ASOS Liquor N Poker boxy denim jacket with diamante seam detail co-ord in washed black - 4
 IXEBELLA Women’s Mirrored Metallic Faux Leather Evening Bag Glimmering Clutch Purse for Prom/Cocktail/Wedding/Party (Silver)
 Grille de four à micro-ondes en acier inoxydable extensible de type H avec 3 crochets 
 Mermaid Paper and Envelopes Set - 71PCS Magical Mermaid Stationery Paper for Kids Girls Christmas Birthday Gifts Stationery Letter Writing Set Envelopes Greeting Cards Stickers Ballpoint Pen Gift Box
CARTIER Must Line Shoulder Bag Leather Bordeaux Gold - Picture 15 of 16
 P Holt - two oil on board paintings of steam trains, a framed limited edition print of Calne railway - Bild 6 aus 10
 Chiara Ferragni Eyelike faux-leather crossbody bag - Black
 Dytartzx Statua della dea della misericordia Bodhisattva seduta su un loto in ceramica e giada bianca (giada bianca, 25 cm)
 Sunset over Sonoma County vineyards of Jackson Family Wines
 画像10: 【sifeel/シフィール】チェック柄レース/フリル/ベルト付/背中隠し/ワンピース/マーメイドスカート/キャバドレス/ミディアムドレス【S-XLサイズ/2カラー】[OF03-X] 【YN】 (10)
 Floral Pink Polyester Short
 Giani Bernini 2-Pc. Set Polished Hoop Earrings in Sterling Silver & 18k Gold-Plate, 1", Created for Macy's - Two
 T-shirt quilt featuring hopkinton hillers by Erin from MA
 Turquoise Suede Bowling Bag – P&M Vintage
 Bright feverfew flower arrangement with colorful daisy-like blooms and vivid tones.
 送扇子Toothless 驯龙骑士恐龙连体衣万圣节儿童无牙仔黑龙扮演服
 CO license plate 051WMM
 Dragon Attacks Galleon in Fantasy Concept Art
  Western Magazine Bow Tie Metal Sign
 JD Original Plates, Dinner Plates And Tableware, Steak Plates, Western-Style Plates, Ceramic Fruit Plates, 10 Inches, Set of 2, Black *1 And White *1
--- --- ---
* [Work item]:
From the first line of the entries above to the line with "CARTIER Must Line", please return every line exactly, keeping both ends.

* [Response area]:
ASOS Liquor N Poker boxy denim jacket with diamante seam detail co-ord in washed black - 4
 IXEBELLA Women’s Mirrored Metallic Faux Leather Evening Bag Glimmering Clutch Purse for Prom/Cocktail/Wedding/Party (Silver)
 Grille de four à micro-ondes en acier inoxydable extensible de type H avec 3 crochets 
 Mermaid Paper and Envelopes Set - 71PCS Magical Mermaid Stationery Paper for Kids Girls Christmas Birthday Gifts Stationery Letter Writing Set Envelopes Greeting Cards Stickers Ballpoint Pen Gift Box
CARTIER Must Line Shoulder Bag Leather Bordeaux Gold - Picture 15 of 16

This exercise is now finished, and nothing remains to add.